PISA Data Cleanup

Courtney Ferguson Lee

Introduction

PISA is a survey of students' skills and knowledge as they approach the end of compulsory education. It is not a conventional school test. Rather than examining how well students have learned the school curriculum, it looks at how well prepared they are for life beyond school.

Over 510,000 students from 62 countries took part in the PISA 2012 assessment of reading, mathematics and science, representing about 28 million 15-year-olds globally. Of those countries, 44 took part in an assessment of creative problem solving and 18 in an assessment of financial literacy. Score data was not skewed by participation level but it was scaled using a calibration data set of 31,500 students.
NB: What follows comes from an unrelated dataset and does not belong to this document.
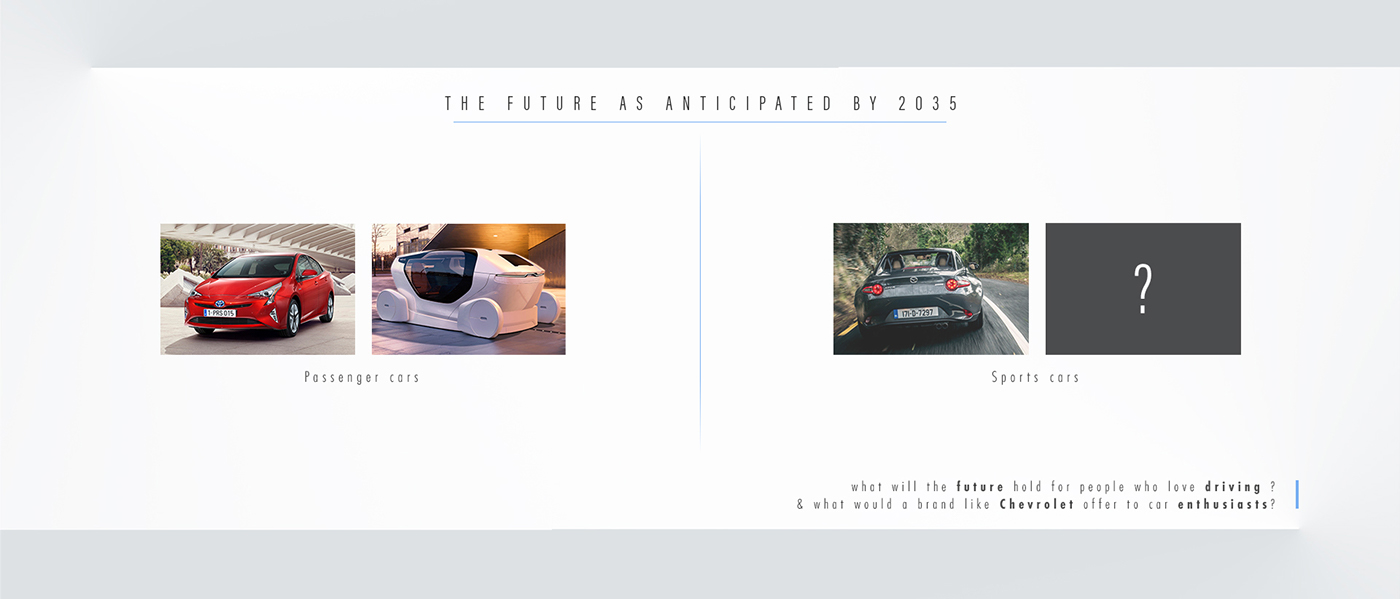 concept，prospect，Sports car，Chevrolet，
Countries that scored below 450 on previous PISA tests were offered an easier version of the assessment. This was designed to better assess what students at the lower end of the spectrum understood. Two countries accepted the offer and although it was at a lower difficulty, the results were still comparable to every other PISA participant.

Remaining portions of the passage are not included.